World’s most powerful MRI unveiled

1 November 2021
MRI pumpkin
In season On account of its multiple textures and resemblance to brain tissue, a pumpkin was the natural choice to showcase MRI’s capabilities at 11.7 T. Credit: CEA

A 132 tonne superconducting magnet has set a new record for whole-body magnetic-resonance imaging (MRI), producing a field of 11.7 T inside a 0.9 m diameter and 5 m long volume. Four-times more powerful than typical hospital devices, the “Iseult” project at CEA-Paris-Saclay paves the way for imaging the brain in unprecedented detail for medical research.

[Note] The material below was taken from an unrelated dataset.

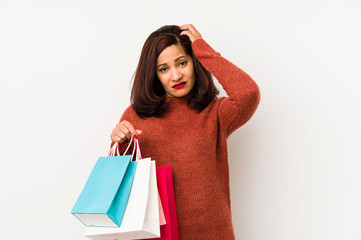 Middle age latin woman holding a shopping bags isolated being shocked, she has remembered important meeting.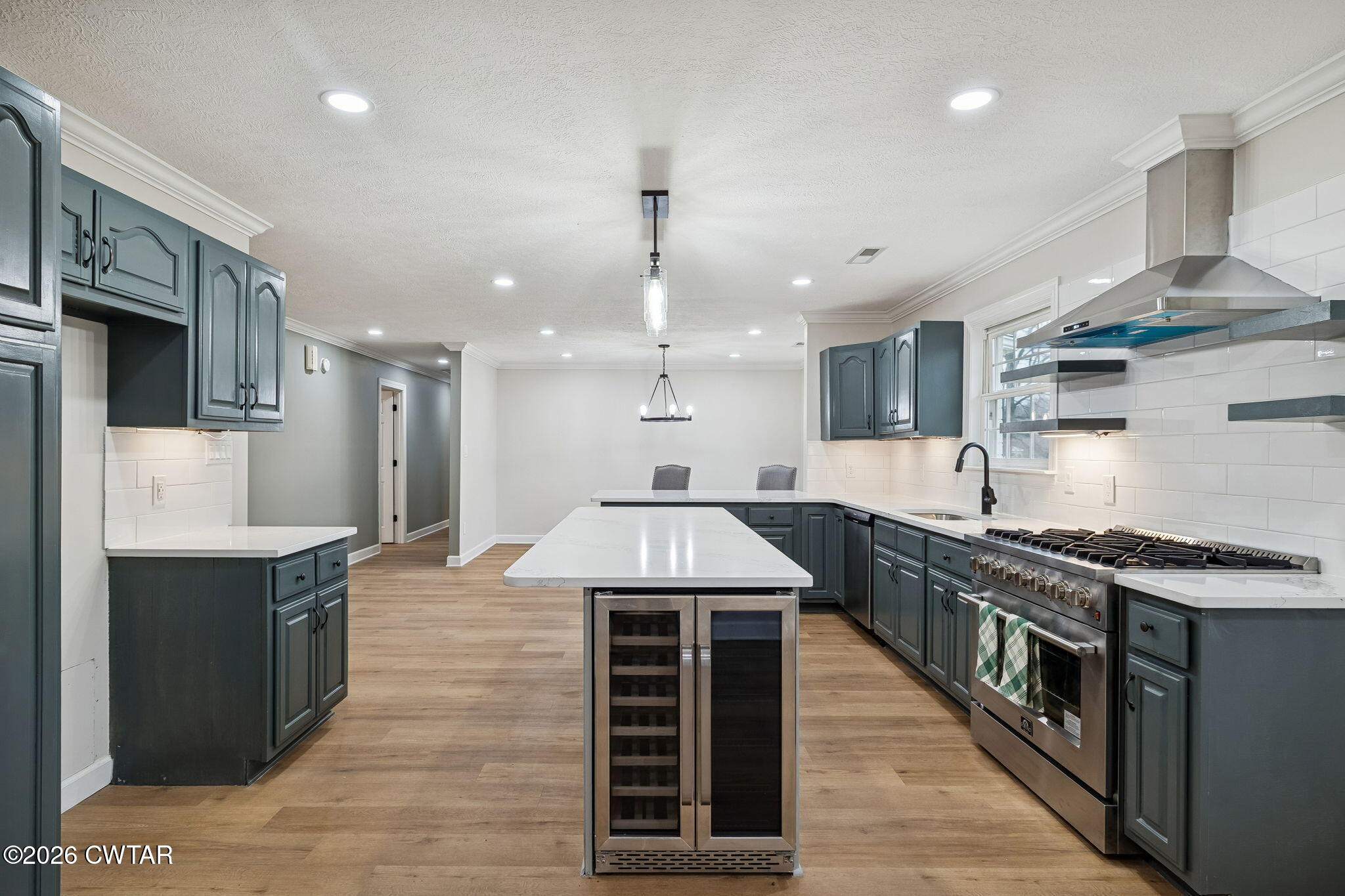 123 Walnut Hill Road Bells, TN 38006 - Photo 25 of 61 a kitchen with stainless steel appliances granite countertop a sink a stove and a wooden floors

Using a pumpkin as a suitably brain-like subject, the team released its first images on 7 October, validating the system and demonstrating an initial resolution of 400 microns in three dimensions. Other checks and approvals are necessary before the first imaging of human volunteers can begin.

This work will undoubtedly lead to major clinical applications

Stanislas Dehaene

“Thanks to this extraordinary MRI, our researchers are looking forward to studying the anatomical and structural organization of the brain in greater detail. This work will undoubtedly lead to major clinical applications,” said Stanislas Dehaene, director of NeuroSpin, the neuroimaging platform at CEA-Paris-Saclay.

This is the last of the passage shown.